- 1 3/4 Cup graham cracker crumbs
- 1/2 Teaspoon ground ginger
- 6 Tablespoons butter, melted
- 2 8-ounce packages cream cheese or Neufchatel cheese, softened
- 1/2 Cup peanut butter
- 1/2 Cup sugar
- 2 Teaspoons apple pie spice
- 2 Teaspoons vanilla extract
- 2 Cups thawed frozen whipped topping
- 1/4 Cup caramel dessert topping
- 1/2 Cup chopped peanuts
Preheat oven to 350 degrees. Mix crumbs and ginger in medium bowl. Stir in butter until well blended. Press crumb mixture evenly into bottom and up sides of lightly greased 9-inch pie plate. Bake 10 minutes. Cool completely on wire rack.

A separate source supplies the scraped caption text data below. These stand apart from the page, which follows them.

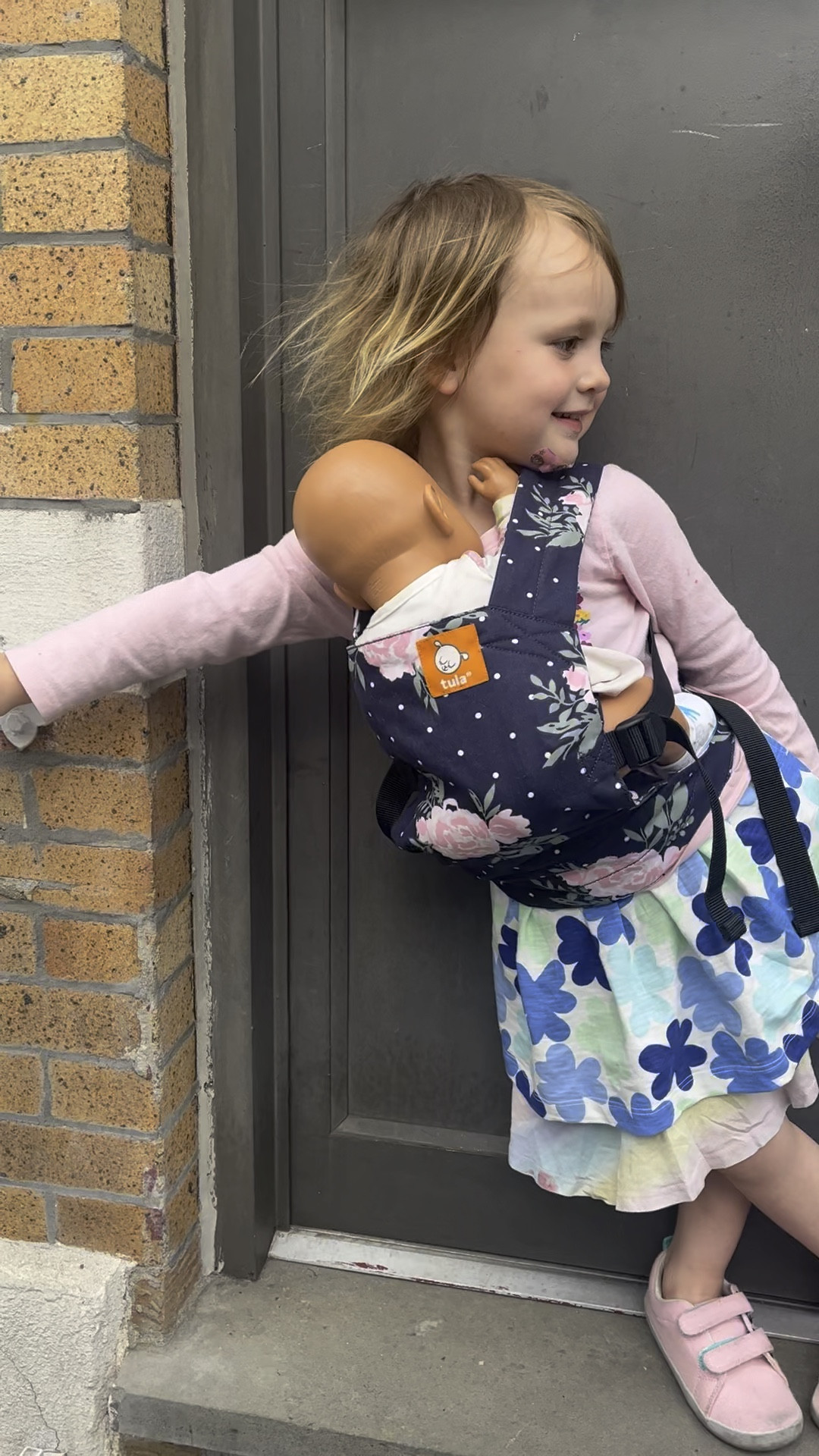Toddler with Tula Doll Carrier ❤️

#LTKFind #LTKfamily #LTKkids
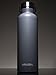 Glacier Point Vacuum Insulated Stainless Steel Water Bottle (25oz / 17oz) Double Walled Construction, Premium Powder Coating, Zero Condensation! (Gray, 25 OZ)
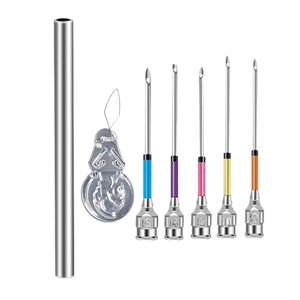 Magideal - Kit De Punzón Alfileres De Agujas Para Principiantes , 5,5X4X2Cm 55X4X2Cm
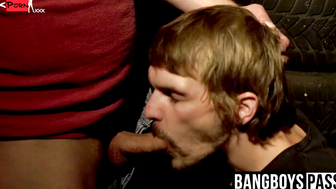"Seductive Blow Job - Hot Brunette Teen Gives A Sensual BJ And Facial"
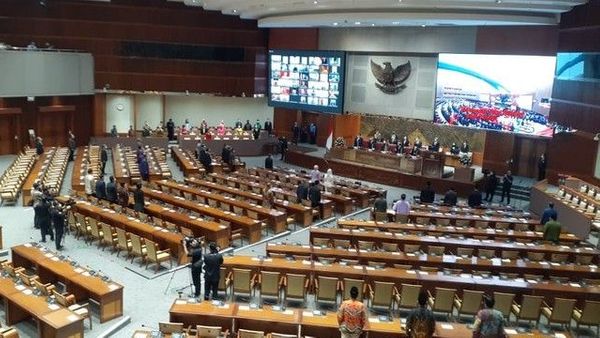 Ditolak PKS, DPR Ketok Palu Tindak Pidana Kekerasan Seksual Sah Jadi UU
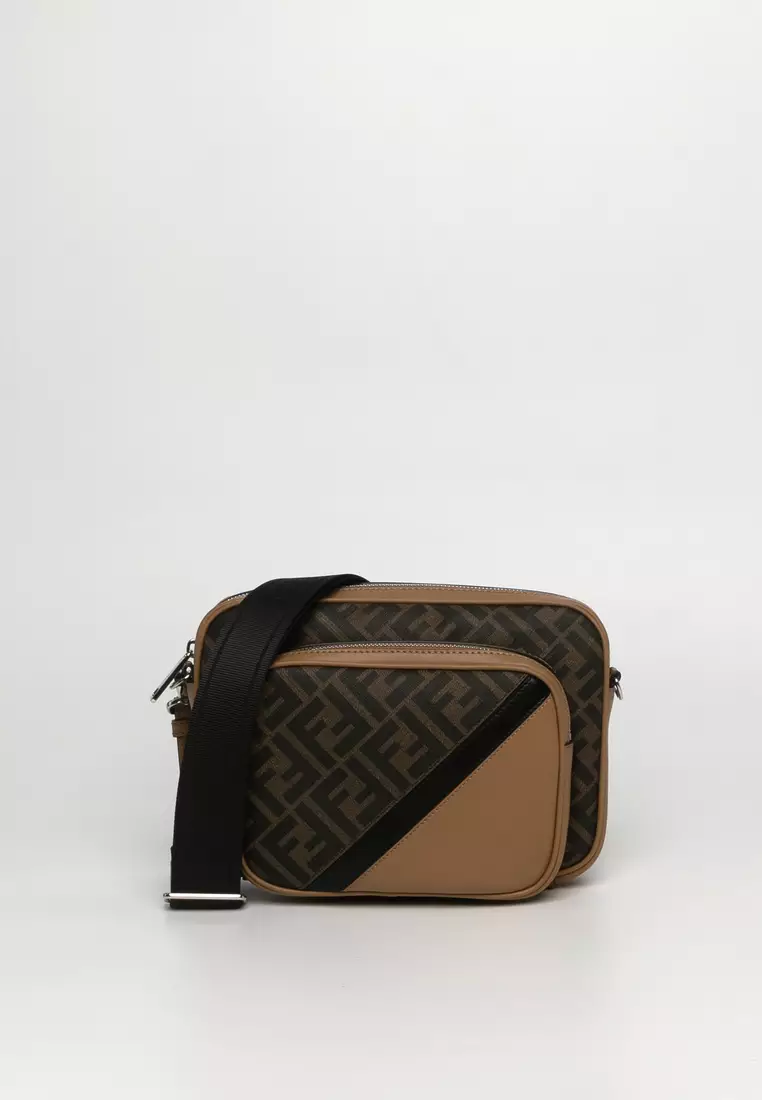 Fendi black crossbody online bag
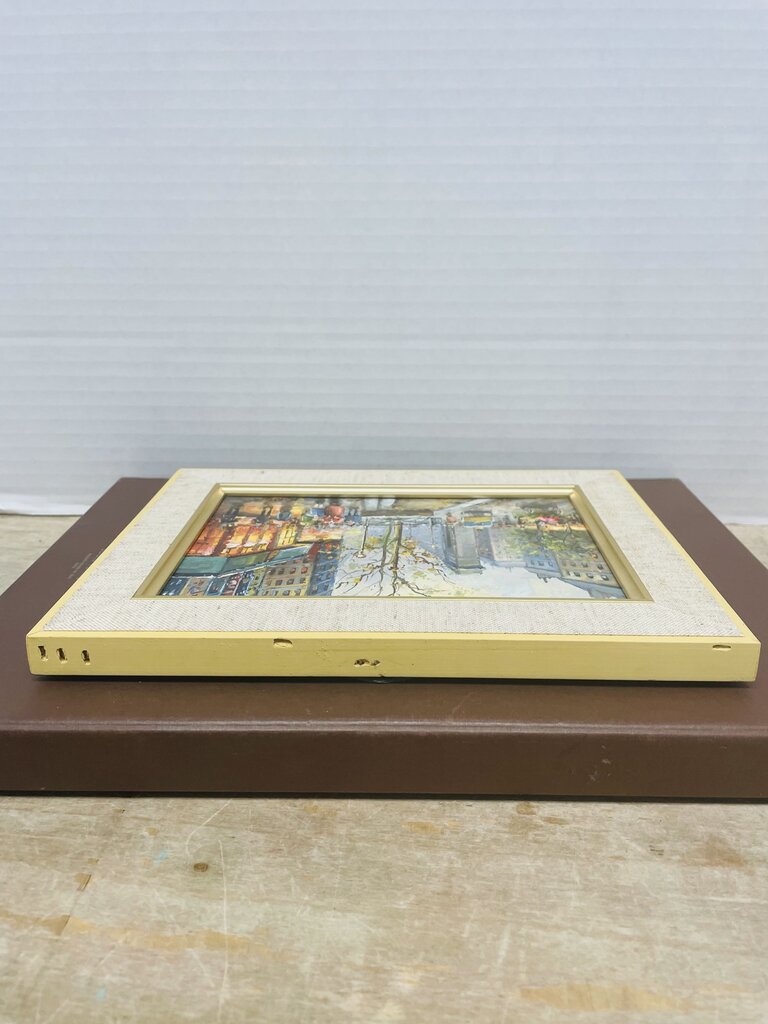 K.BRENT OIL PAINTINGS SIGNED RIGHT SIDE
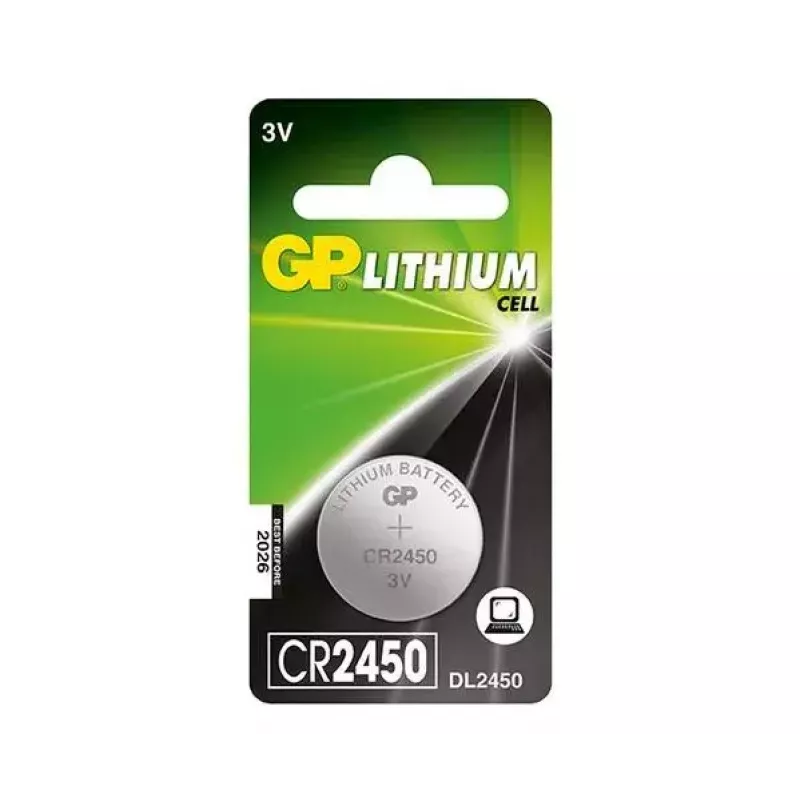 Einwegbatterie GP Batteries CR2450 Lithiumzelle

Beat cream cheese, peanut butter and sugar in large bowl with electric mixer on medium speed until well blended and smooth. Beat in apple pie spice and vanilla until well mixed. Gently stir in whipped topping. Spoon into cooled crust. Drizzle with dessert topping. Using knife, gently swirl topping into pie until marbled. Sprinkle with peanuts.
Refrigerate 4 hours or until set. Store leftover pie in refrigerator.